Greko-Romen Felsefesi Nedir?

Greko-Romen felsefesi, mantık, ampirik, gözlem ve siyasal iktidar ve hiyerarşinin doğasında vurgulanan bir düşünce sistemiydi.

Greko-Romen felsefesi, M.Ö. yy.

Çalışması iki bölümde incelenebilir: ilk eklektik yönelim, ikincisi ise İmparatorluğun dini özlemlerine odaklandı.

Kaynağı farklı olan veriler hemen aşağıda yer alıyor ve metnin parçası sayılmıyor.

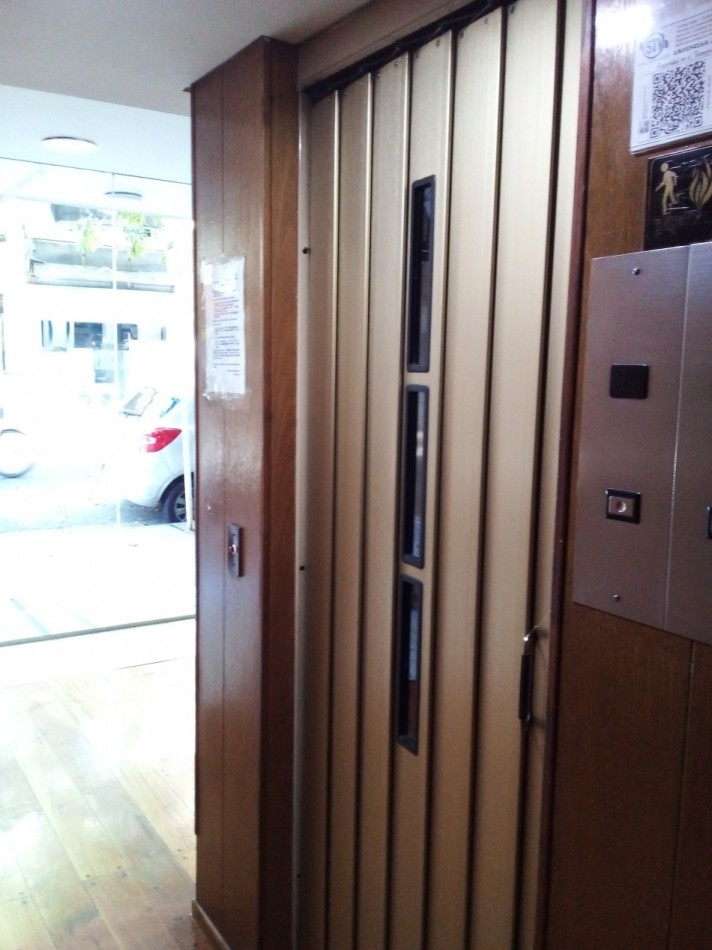 JUNIN 700, VENTA MONOAMBIENTE APTO PROF 2 VENTANAS AL FRENTE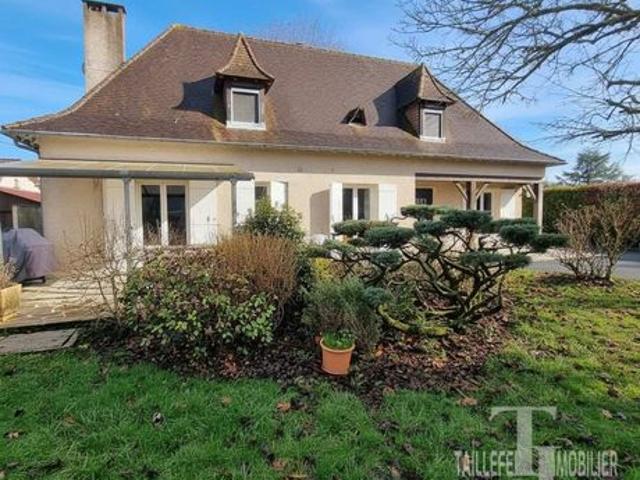 Maison 8 pièces 159 m²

Her iki din de birkaç tanrıya ibadet etmişti; yani, hem Yunanlılar hem de Romalılar çok tanrılıydı.

Aslında, Roma tanrılarının iyi bir kısmı, Yunan ibadetlerine çok benzer ya da eşdeğerdi.

Yunanlıların ve art arda Romalıların yaşam tarzı, doğanın davranışı, bazı bilimsel ilkeler ve vatandaş davranışının temelleri hakkında düşünce akımlarının gelişimini destekledi.

Greko-Romen felsefesi, Batı felsefesinin temellerini attı, çünkü dünyanın işleyişi hakkında, mitoloji tanrılarının müdahalesi olmadan tutarlı açıklamalar yapan ilk insanlıktı.

Greko-Romen felsefesinin ana üsleri şunlardı:

- Milet Masalları (MÖ 636-546).

- Anaximander (611-546 BC).

- Heraklitus (M.Ö 535-475).

- Socrates (MÖ 469-399)

- Platon (MÖ 428-348).

- Aristoteles (MÖ 384-322).

- Zeno (MÖ 334-262).

Sokratik düşünceden şüphesiz, Greko-Romen felsefesinden önce ve sonra belirlendi. Bu mevcut elucubró, yeni dönemin temel ahlaki, politik ve sosyal teorileri.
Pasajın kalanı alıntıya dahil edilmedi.